Despite the admittedly optimistic outlook of Bombardier officials I am afraid past experience has shown Canadian people that their politicians should look a little more before they leap. That is precisely what I am attempting to do now by avoiding making hasty commitments to this very shaky concept. As such I find I am unable to support the motion made by the hon. member for Joliette.

The homework has not yet been done. I believe the proposal for a high speed train line, though intriguing, is simply too much too soon at this point in time.

High Speed TrainPrivate Members' Business

April 13th, 1994 / 6:55 p.m.


Michel Guimond Bloc Beauport—Montmorency—Orléans, QC

Mr. Speaker, first of all, I would like to say that Quebecers who are listening to us, and also some Canadians, must be convinced, when they hear comments such as those coming from the Reform Party, that Quebec should become sovereign. I thank the Reform members for behaving in such a way, because they are helping our cause.

Mr. Speaker, first, I would like to thank you for allowing me to support my colleague from Joliette who moved this motion in the House, by asking him to demand that the government take the required measures to authorize the construction of a high-speed train linking Quebec City and Windsor.

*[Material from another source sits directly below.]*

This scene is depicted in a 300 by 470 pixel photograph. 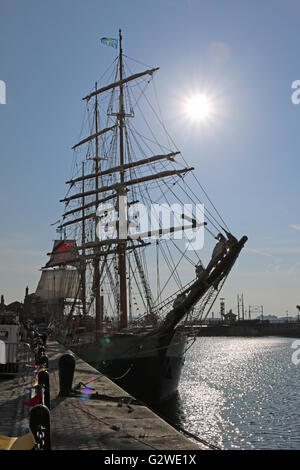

As early as February 1, I had the opportunity to address this House and explain why the government should implement this project as soon as possible. I was recently followed by the youth wing of the Quebec Liberal Party, which is determined to pressure the Johnson administration to hold to it. That same federalist youth wing tabled this resolution at the policy conference of the Quebec Liberal Party in Montreal in March. The leader of the Parti Quebecois, Jacques Parizeau, often asked the former premier of Quebec, Robert Bourassa, to put this project forward as an economic recovery tool. I am telling you all this because the implementation of the HST in the Quebec City-Windsor corridor has almost universal support in Quebec. To be convinced of that, you simply have to look at the 1991 report of the Task Force on the Quebec-Ontario High-Speed Train, co-chaired by the honourable Rémi Bujold, the former member of Parliament for Bonaventure-Îles-de-la-Madeleine.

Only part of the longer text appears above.